## EXERCISE PROMPT
Among the records below, one line contains "Skin disorder RGB"; copy that line and all that follow it, exactly as written.

##### MATERIAL SHOWN

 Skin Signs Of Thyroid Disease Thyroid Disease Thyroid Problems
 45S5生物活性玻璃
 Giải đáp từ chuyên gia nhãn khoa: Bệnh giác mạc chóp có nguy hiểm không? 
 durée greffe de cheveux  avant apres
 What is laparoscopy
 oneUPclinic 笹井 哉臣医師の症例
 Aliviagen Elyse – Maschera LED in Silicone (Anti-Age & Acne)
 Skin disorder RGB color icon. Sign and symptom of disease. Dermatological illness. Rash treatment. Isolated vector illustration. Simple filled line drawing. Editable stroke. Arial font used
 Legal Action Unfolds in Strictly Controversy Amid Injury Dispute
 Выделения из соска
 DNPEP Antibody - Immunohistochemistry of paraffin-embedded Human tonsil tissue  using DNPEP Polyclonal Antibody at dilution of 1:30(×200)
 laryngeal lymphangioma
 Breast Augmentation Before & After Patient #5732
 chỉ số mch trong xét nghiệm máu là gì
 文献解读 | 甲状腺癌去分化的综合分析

##########

## ANSWER TO THIS TASK
 Skin disorder RGB color icon. Sign and symptom of disease. Dermatological illness. Rash treatment. Isolated vector illustration. Simple filled line drawing. Editable stroke. Arial font used
 Legal Action Unfolds in Strictly Controversy Amid Injury Dispute
 Выделения из соска
 DNPEP Antibody - Immunohistochemistry of paraffin-embedded Human tonsil tissue  using DNPEP Polyclonal Antibody at dilution of 1:30(×200)
 laryngeal lymphangioma
 Breast Augmentation Before & After Patient #5732
 chỉ số mch trong xét nghiệm máu là gì
 文献解读 | 甲状腺癌去分化的综合分析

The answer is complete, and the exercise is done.